Selenium open pop up window [Python]

Question

I am trying to click a link by:

driver.find_element_by_css_selector("a[href='javascript:openhistory('AXS0077')']").click()

This works nice if the link opens in a new window but in this case the link actually opens a pop up window. When I try clicking the link with this method, using selenium it gives me an error:

Message: u"The given selector a[href='javascript:openhistory('AXS0077')'] is either invalid or does not result in a WebElement. The following error occurred:\nInvalidSelectorError: An invalid or illegal selector was specified"

Is this not the right way ? because I think there may be some different way to deal with pop windows.

Answer 1

I have more success using find_by_xpath

Take this site as an example popups

I use firebug to inspect the element and get the xpath.

Then using the following works perfectly.

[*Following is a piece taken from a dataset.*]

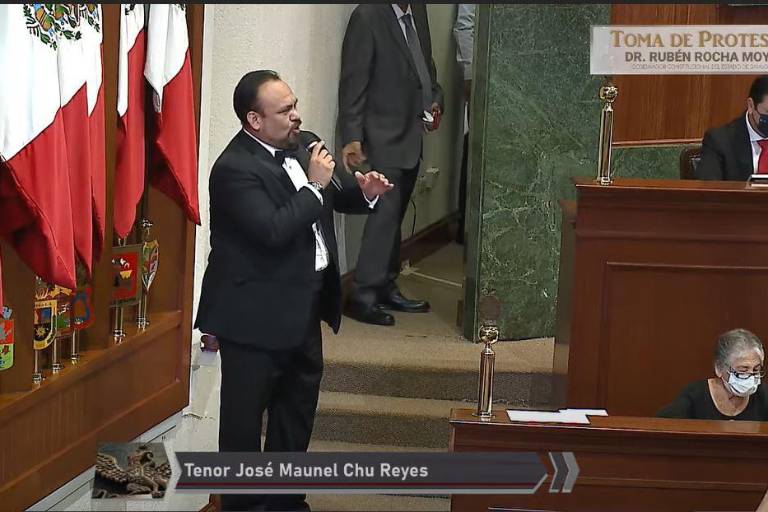 El tenor José Manuel Chu interpreta ‘Cantares’ en la toma de protesta de Rubén Rocha Moya como Gobernador de Sinaloa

from selenium import webdriver

baseurl="http://www.globalrph.com/davescripts/popup.htm"

dr = webdriver.Firefox()
dr.get(baseurl)
dr.find_element_by_xpath("/html/body/div/center/table/tbody/tr[7]/td/div/table/tbody/tr/td[2]/div[1]/form/table/tbody/tr[4]/td[1]/a").click()

Answer 2

Your css selector could be more generic, perhaps:

driver.find_element_by_css_selector("a[href^='javascript']").click()

You've got all kinds of crazy overlapping quotation marks there. You're probably confusing it.